Ao construir sua narrativa como um thriller, McQueen vai encaixando as peças da trama até o impactante desfecho. Não sem transformar Verônica numa personagem de filme-noir. Ela é a mulher apaixonada pelo companheiro Rawwlins, com quem formava um belo casal multirracial. E jamais desconfiou de suas perigosas relações. Mas, ao contrário da mulheres-fatais de outros clássicos, ela não urde ou tenta pegá-lo em falso. Só reage ao ver-se numa reprovável descoberta. Queen transforma-a assim numa anti-heróina, por ela proteger a si mesma.
Mas não só Verônica se mostra à altura do desafio imposto pela vertente política do esquema de corrupção. As outras mulheres, cada uma a seu modo, enfrentam o inimigo com destreza e coragem. Belle se prepara fisicamente de forma a superar os obstáculos e se encaixa de forma a executar sua parte no plano, como uma veterana nas missões de guerra. Enquanto Alice se envolve numa tarefa perigosa, obscura e erótica, da qual quase sai chamuscada. MacQueen, deste modo, põe as personagens femininas noutro patamar, ao unir força, coragem e cérebro, num caso raro.

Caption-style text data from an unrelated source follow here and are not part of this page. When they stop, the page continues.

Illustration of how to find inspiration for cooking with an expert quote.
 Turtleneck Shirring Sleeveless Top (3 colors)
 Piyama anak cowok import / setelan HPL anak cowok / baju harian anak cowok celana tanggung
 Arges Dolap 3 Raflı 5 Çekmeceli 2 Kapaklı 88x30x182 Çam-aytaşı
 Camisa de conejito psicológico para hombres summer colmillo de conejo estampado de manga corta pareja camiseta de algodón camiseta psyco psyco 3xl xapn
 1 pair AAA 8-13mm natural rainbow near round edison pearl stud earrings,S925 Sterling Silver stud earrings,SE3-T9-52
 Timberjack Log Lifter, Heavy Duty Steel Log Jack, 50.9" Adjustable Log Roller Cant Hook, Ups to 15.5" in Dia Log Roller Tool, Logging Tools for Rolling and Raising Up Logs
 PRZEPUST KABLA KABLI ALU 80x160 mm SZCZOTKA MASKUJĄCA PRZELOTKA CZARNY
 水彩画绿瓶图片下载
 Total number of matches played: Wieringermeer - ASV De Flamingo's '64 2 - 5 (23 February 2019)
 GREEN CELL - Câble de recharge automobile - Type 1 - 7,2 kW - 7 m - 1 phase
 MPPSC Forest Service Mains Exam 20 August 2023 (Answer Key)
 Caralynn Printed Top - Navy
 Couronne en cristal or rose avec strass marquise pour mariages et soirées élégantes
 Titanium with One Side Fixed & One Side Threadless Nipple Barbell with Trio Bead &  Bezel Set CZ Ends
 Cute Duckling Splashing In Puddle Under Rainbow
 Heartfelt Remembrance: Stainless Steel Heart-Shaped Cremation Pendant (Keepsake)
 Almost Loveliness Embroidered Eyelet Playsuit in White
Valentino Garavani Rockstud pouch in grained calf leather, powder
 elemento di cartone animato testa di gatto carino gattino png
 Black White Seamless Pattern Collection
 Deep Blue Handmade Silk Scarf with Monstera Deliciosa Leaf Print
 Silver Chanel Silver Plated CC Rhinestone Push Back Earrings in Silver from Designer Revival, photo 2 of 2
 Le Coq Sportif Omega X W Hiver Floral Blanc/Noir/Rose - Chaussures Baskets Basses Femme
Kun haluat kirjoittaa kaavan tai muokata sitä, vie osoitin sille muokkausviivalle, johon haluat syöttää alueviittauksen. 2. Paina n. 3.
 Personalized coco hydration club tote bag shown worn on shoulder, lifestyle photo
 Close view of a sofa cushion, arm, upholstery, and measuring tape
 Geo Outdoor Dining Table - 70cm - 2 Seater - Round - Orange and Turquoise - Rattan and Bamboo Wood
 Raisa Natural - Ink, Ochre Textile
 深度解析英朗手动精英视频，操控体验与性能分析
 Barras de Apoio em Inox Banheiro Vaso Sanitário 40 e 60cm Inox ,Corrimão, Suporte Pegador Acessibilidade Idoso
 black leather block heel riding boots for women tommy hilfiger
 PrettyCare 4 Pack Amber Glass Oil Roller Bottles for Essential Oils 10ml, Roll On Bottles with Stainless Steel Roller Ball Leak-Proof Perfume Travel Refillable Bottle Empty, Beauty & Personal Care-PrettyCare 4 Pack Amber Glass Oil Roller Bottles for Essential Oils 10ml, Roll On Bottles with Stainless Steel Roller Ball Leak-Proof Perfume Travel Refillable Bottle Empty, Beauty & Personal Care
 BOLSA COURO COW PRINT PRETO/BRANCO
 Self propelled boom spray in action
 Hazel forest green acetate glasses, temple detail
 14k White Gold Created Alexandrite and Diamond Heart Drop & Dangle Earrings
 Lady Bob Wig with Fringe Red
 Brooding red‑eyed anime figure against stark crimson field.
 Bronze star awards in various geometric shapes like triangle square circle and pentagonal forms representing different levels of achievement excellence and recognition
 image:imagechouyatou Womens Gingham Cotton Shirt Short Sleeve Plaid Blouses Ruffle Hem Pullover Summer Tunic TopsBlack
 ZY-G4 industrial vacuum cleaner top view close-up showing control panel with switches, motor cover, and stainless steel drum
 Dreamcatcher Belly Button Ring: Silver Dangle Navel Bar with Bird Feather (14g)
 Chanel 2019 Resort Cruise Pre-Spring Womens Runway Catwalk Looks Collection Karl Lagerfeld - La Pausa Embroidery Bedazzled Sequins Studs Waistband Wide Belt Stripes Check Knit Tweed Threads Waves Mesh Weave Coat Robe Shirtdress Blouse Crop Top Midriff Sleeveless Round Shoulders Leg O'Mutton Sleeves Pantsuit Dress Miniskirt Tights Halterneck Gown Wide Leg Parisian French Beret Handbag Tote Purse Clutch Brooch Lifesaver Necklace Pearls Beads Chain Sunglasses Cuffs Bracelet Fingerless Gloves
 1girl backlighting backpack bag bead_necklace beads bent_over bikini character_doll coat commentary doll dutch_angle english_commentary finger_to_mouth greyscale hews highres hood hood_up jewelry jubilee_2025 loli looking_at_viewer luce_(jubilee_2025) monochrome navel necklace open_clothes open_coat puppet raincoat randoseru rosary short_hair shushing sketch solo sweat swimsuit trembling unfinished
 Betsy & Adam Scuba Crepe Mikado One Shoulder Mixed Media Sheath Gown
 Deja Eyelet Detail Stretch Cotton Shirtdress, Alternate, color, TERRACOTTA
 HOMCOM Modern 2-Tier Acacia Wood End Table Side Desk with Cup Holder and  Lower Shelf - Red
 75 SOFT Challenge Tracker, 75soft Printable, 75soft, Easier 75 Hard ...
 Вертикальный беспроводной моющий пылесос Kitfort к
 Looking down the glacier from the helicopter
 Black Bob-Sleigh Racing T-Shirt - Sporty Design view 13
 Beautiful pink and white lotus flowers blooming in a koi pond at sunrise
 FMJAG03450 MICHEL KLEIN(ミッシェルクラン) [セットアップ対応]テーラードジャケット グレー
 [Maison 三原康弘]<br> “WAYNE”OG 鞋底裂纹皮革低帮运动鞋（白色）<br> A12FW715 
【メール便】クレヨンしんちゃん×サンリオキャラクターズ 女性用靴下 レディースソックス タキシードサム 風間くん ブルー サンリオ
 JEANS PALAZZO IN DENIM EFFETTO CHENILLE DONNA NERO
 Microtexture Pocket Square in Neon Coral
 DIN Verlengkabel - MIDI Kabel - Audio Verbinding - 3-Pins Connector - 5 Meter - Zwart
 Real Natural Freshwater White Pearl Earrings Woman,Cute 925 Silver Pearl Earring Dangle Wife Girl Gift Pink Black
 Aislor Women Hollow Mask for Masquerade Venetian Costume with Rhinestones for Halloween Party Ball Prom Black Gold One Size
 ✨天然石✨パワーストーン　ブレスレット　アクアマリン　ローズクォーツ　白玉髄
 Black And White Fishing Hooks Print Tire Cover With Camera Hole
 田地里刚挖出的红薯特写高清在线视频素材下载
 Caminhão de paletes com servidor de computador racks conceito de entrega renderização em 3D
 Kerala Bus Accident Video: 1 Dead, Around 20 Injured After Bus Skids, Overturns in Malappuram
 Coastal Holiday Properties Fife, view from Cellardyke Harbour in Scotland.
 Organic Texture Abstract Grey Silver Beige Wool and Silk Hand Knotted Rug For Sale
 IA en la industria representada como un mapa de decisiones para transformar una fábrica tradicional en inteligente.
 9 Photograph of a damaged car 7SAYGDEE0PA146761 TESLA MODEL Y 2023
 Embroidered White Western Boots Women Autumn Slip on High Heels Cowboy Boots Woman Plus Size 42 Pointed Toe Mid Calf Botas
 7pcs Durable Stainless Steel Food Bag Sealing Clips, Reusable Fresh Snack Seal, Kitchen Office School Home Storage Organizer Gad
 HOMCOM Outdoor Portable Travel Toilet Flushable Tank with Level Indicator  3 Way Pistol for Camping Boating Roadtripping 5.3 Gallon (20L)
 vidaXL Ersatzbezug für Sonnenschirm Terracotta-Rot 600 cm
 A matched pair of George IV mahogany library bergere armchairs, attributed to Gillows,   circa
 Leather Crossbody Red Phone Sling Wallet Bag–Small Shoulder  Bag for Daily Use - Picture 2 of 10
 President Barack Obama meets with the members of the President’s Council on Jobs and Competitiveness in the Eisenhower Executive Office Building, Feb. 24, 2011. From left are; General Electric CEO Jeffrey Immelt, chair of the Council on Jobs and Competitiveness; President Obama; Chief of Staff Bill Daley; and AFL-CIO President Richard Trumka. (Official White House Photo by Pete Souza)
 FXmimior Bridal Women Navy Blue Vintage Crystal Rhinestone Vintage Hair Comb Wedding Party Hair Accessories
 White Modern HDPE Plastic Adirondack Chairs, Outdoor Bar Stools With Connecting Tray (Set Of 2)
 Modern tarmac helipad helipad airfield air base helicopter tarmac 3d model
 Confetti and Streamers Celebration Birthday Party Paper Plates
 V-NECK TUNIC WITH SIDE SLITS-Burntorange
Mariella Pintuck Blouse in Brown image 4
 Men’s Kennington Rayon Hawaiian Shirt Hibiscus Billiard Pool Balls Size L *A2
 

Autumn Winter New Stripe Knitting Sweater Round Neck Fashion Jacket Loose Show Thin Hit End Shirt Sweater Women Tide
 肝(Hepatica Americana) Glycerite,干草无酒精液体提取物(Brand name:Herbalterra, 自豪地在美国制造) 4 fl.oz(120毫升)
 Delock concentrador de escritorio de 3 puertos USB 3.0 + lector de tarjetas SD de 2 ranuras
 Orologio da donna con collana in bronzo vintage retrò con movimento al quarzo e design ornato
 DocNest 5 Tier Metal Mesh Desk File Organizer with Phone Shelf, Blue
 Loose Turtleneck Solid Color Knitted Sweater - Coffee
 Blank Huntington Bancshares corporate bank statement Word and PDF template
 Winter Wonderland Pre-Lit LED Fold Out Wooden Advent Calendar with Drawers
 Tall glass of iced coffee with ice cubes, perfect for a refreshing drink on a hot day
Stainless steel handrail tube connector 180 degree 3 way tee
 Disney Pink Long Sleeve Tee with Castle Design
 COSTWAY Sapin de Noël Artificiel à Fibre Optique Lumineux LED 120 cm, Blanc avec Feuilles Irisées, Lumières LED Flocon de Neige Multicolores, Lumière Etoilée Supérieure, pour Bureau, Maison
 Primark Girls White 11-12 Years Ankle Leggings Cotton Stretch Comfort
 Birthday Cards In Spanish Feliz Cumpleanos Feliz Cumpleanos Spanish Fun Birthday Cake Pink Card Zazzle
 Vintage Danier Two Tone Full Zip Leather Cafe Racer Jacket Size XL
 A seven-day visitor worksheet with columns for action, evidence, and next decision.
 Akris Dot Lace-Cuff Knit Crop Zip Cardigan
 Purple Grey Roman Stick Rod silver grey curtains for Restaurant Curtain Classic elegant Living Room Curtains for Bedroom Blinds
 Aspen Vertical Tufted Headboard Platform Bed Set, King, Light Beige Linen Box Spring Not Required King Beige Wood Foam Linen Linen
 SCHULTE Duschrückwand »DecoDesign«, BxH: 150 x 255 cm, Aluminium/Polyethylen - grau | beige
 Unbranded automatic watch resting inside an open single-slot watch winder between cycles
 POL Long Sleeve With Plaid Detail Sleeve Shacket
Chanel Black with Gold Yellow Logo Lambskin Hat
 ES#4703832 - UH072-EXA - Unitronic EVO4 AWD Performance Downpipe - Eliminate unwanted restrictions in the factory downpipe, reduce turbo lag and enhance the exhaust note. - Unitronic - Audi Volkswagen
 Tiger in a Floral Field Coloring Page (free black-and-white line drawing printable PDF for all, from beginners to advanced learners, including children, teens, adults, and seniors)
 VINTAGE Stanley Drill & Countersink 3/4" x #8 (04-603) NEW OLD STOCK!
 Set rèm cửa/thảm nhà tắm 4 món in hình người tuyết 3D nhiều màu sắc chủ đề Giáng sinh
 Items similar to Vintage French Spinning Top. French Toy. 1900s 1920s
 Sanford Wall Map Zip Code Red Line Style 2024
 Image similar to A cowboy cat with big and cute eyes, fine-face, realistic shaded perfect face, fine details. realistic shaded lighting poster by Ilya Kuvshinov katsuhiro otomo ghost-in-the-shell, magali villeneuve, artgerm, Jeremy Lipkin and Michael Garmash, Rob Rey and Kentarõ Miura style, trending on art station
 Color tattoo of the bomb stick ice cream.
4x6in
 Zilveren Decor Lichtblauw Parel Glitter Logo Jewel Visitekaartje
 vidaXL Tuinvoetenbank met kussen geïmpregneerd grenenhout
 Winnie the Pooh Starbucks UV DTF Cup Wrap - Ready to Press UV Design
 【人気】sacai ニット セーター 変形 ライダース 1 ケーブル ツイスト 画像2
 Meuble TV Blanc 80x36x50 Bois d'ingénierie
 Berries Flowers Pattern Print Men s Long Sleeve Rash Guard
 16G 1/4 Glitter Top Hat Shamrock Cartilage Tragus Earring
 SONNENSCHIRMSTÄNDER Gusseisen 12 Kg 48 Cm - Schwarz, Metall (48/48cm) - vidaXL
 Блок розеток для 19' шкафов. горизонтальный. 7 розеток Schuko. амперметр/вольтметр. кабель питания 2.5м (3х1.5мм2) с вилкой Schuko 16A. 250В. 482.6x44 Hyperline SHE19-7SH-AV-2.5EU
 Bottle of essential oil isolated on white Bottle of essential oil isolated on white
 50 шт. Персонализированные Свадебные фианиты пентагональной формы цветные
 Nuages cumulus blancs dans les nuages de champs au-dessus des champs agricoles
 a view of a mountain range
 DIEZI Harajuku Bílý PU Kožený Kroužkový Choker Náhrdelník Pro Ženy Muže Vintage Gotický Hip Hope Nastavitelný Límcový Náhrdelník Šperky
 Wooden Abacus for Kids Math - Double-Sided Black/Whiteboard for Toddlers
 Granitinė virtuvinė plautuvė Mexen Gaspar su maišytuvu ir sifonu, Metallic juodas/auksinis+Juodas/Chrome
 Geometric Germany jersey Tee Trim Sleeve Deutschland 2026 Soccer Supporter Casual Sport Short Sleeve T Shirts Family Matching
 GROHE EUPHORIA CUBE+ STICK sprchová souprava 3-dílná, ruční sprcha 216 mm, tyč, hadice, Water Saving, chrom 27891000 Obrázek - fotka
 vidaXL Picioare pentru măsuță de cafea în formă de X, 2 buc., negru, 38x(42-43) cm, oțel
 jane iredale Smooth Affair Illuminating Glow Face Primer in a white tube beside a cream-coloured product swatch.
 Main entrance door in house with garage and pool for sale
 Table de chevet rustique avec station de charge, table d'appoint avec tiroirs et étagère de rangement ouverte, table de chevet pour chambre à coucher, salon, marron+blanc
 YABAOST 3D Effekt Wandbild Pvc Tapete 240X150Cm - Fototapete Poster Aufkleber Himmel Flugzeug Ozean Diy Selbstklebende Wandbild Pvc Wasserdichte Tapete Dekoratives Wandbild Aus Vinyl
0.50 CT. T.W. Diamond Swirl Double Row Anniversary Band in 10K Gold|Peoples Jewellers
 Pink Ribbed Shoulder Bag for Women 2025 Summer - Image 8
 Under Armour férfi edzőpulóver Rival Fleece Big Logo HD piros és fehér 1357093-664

Verônica e Alice se esbofeteiam
Não bastasse, criou a melhor sequência do filme ao pôr Verônica e Alice numa disputa pela liderança do grupo. A afro e a caucasiana se esbofeteiam com violência. E terminam por se encarar, por longos e profundos segundos. Há uma barreira entre elas. É daquelas sequências sem diálogos que ficam na história da luta racial no cinema pela ousadia da escritora e do cineasta. Tem o mesmo impacto da sequência em que o policial afro Tibbs (Sidney Poitier, 20/02/1924) esbofeteia o fazendeiro branco racista, em No Calor da Noite (1967), do canadense Norman Jewison (21/07/1926). Uma sequência que provocou aplausos no cinema.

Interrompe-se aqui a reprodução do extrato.